Recently I am investigating the energy dispersions of magnetoplasmon and I found two "different" energy dispersions in two references [1,2]. I would like to know the difference between them and also whether I understand them correctly.

According to refs. 1 and 2, we can derive the energy dispersion of magnetoplasmon by writing down the Drude conductivity tensor and permitivity tensor.

Under perpendicular B-field along Z-axis, the Drude permitivity tensor in vacuum reads as

$\varepsilon = \begin{bmatrix} \varepsilon_{xx} & \varepsilon_{xy} & 0 \\ \varepsilon_{yx} & \varepsilon_{yy} & 0 \\ 0 & 0 & \varepsilon_{zz} \\ \end{bmatrix}$,

where $\varepsilon_{xx} = \varepsilon_{yy} = 1 - \frac{\omega_{p}^2}{\omega} \frac{v-i\omega}{(v-i\omega)^2+\omega_c^2}$, $\varepsilon_{xy} = -\varepsilon_{yx} = \frac{\omega_{p}^2}{\omega} \frac{\omega_c}{(v-i\omega)^2+\omega_c^2}$. Here $\omega_{p}$ is the plasmon frequency, $v$ is the scattering frequency (the inverse of scatter time) and $\omega_{c} = \frac{eB}{m}$ is the cyclotron frequency.

With these expression, if we consider some linearly polarized E-fields along X-axis, we can let $\varepsilon_{xx}=0$ and assume $v \simeq 0$, and derive the first energy dispersion of magnetoplasmon:

• $\omega = \sqrt[]{\omega_p^2+\omega_c^2}$

This dispersion has been used in some references, for example [3].

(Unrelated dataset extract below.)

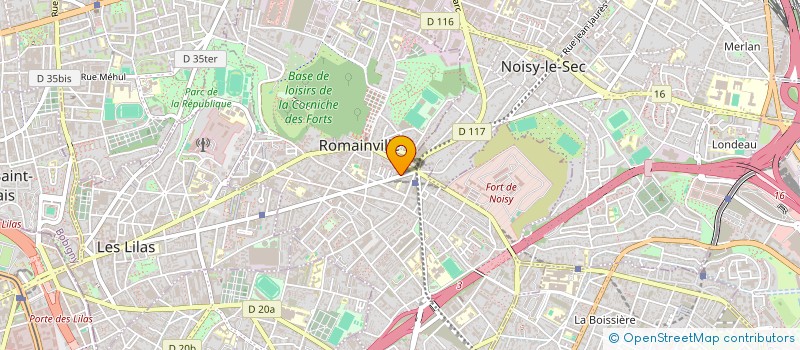 localisation de l'entreprise KIWEL à ROMAINVILLE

On the other hand, if we consider some circular polarized E-fields, we can let $\varepsilon_{xx} \pm i\varepsilon_{xy}=0$. In this case, I obtain the second energy dispersion, which has two branches:

• $\omega_{\pm} = \sqrt[]{\omega_p^2+\omega_c^2/4}\pm\omega_c/2$

The second dispersion has also been observed in several references, for instance [4].

Here are my questions:

1. Since we have two different magnetoplasmon dispersions, does it mean that different polarizations excite different kinds of magnetoplasmon?
2. For linear polarization, we can decompose it into the sum of two opposite circular polarized modes. Then can we excite the "circular" magnetoplasmon with linear polarization?
3. Is there any relationship between the edge magnetoplasmon (which has a dispersion that decreases with B-field as 1/B) and the minus branch in the second dispersion $\omega_{-}$?

Thank you very much!

Jing

References:

[1] PLASMONS IN INVERSION LAYERS, by Thomas N. THEIS, page 520

[2] Infrared and microwave magnetoplasma effects in semiconductors, by E D Palik and J K Furdyna, page 1209

[3] Gate and magnetic field tunable ultrastrong coupling between a magnetoplasmon and the optical mode of an LC cavity, by Gian L. Paravicini-Bagliani*, Giacomo Scalari†, Federico Valmorra, Janine Keller, Curdin Maissen, Mattias Beck, and Jérôme Faist

[4] Dimensional resonance of the two-dimensional electron gas in selectively doped GaAs/A1GaAs heterostructures, by S. J. Allen, Jr., H. L. Störmer, and J. C. M. Hwang*